2. Plan for how you’ll capitalize on consumer interest

While a digital presence alone may not be enough, extending across channels has been common practice since 2011 when Volkswagen became the first advertiser to unveil their ad "The Force" early online, generating 17 million views before airing it during the game.

After dropping a cultural bomb with a Super Bowl TV spot, digital and social extensions can further ignite the campaign by making the content accessible for people who connected with the brand message and want to share or comment on it as a reflection of their beliefs or interests.

Brands have also found success driving engagement by contributing to the multidimensional on-and-off-field stories sports fans now demand with real time war rooms that push out content to connect the brand idea with what’s happening within the game.

Taking a stance on cultural topics and encouraging audiences to do the same like Always famously did by extending their brand idea with social posts that invited consumers to share what they do #LikeAGirl, has shown to be another effective way to further fuel consumer interest stirred by a Super Bowl TV Spot.

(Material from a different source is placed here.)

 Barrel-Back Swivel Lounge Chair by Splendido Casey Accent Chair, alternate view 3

3. Use the Super Bowl as your launch moment, not the only moment

While presence within the Super Bowl often leads to an immediate impact in metrics like GoDaddy’s spikes in traffic or Kia’s reported increase in awareness and sales, it’s important that brands plan for how they’ll extend conversation, leveraging the momentum they generated at the Super Bowl to help fuel the rest of their year.

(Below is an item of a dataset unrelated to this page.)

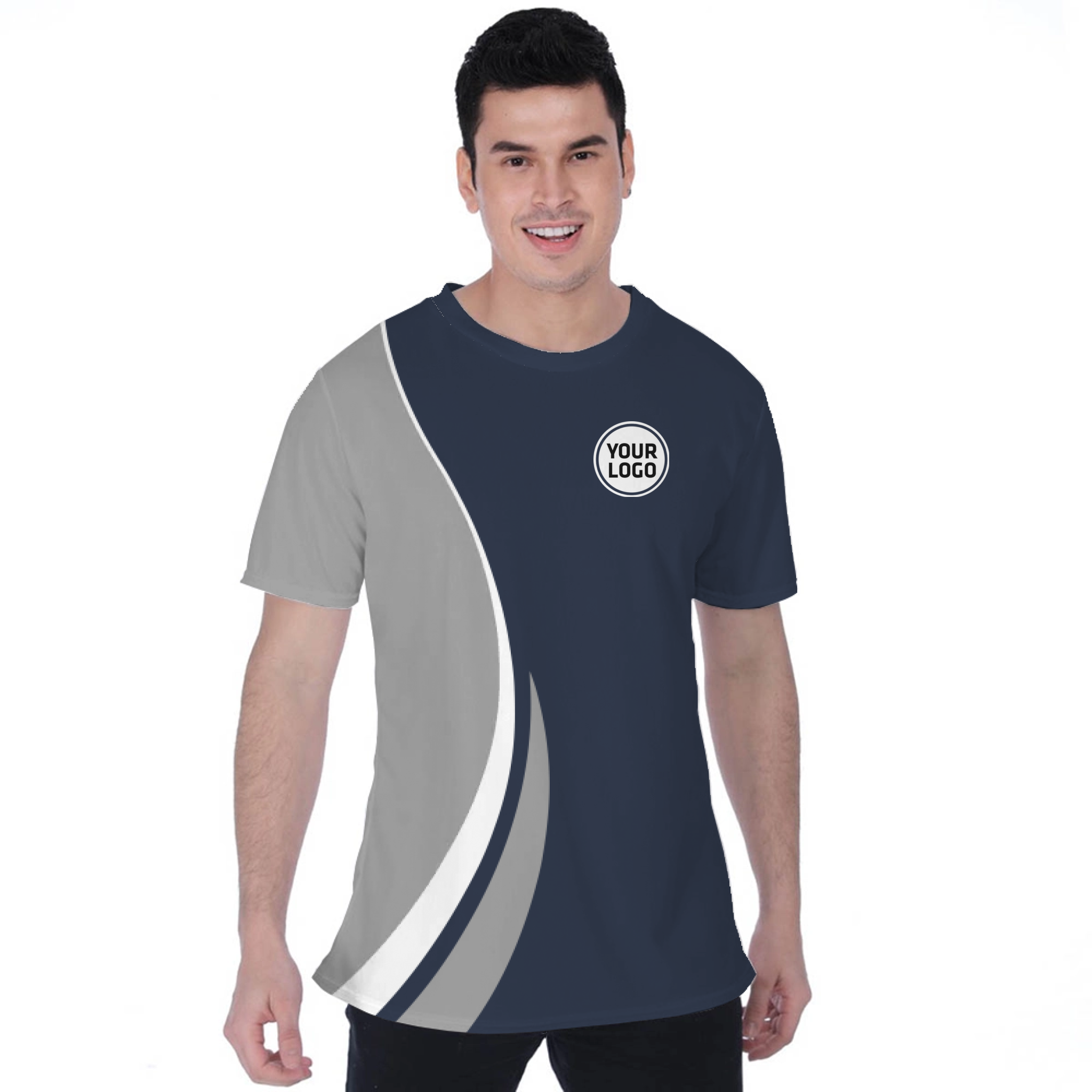 Picklewin Custom Team Logo Moisture-wicking T-shirt For Men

Continued presence is essential to sustaining metrics and staying top of mind, so brands should ensure their idea and budgets can endure beyond this single moment alone. One of the greatest benefits of advertising within the Super Bowl is the ability to make your Super Bowl presence the start of something meaningful by re-engaging these communities days or months after the final touchdown.

While news of this year’s biggest productions will continue capturing headlines in the short term, it’ll take more time to see the impact of this year’s biggest winners -- the campaigns with lasting influence on the brand’s business thanks to a big idea and thoughtful execution across channels and flight dates. These are the ones worth celebrating.